The road to life after education
Updated: 2013-09-23 10:53
By Shi Jing and He Wei (China Daily)
A student fixes a security alarm during the annual competition, in which more than 4,000 students from the city's 72 vocational schools took part. Wang Biao/For China Daily
The faster development of vocational education in Taicang has been boosted largely by more than 190 German companies in the city.
Known for its dual education system, Germany's economy has never been derailed, with the vocational education system guaranteeing jobs. A dual education system combines apprenticeships in a company and education at a vocational school in one course.
The dual education system was introduced to China by the central government in the 1980s, with schools under this system set up in cities including Shanghai, Nanjing, Tianjin, Weifang in Shandong province and Shiyan in Hubei province. But these attempts were initially plagued by a lack of proper training centers, the essence of the dual education system, Zhou said.

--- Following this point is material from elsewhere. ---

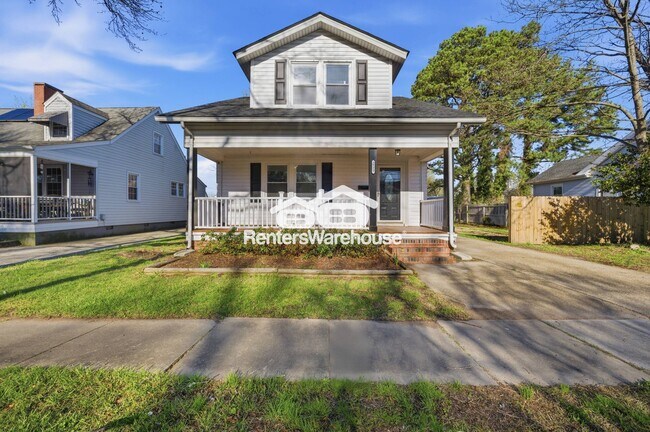 Photo - 2729 Somme Ave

Local authorities stepped in and by 2007 there were 15 training centers working in collaboration with German companies and vocational schools in Taicang, all of them based in schools.
In July this year, Kern-Liebers, a manufacturer of springs and components for textile machines, based in the German town of Schramberg, set up a 800 square meter training center at its plant in Taicang so that students could be placed in a real-plant environment and learn things more easily.

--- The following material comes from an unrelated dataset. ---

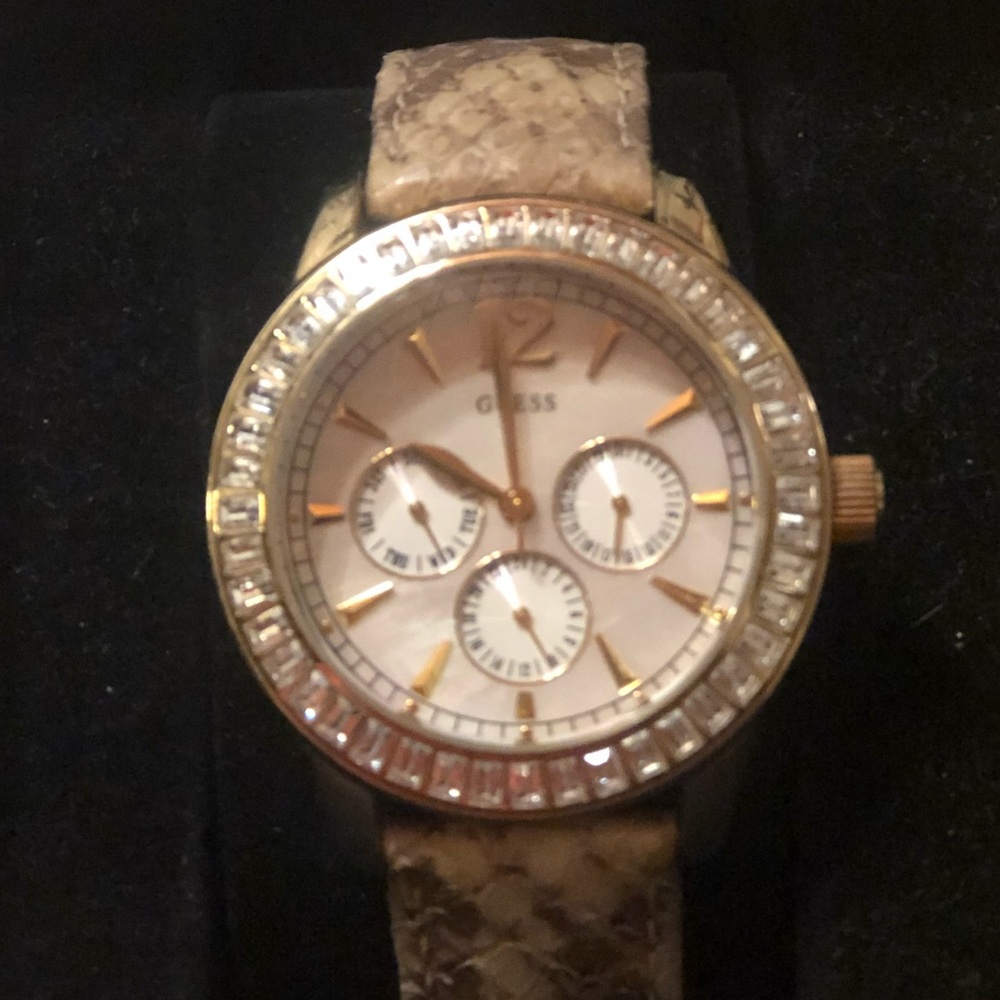 Guess Watch - Picture 3 of 5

"We considered all the possibilities to allow the students to grow up in a real-plant environment," Zhou said.
The dual education system can also be found at the Chien-Shiung Institute of Technology in Taicang. Established in 2004, the school received initial investment of 900 million yuan, with an additional 500 million yuan last year to expand its training center sixfold.
All the students under the dual education system are offered jobs by German companies based locally long before graduation.
Wei Xiaofeng, president of the institute, said: "It is now kind of ridiculous to see that migrant workers land jobs easily, while university graduates are left jobless. This is largely a consequence of a structural deficit in the educational system. We see few university graduates mastering the required skills or techniques."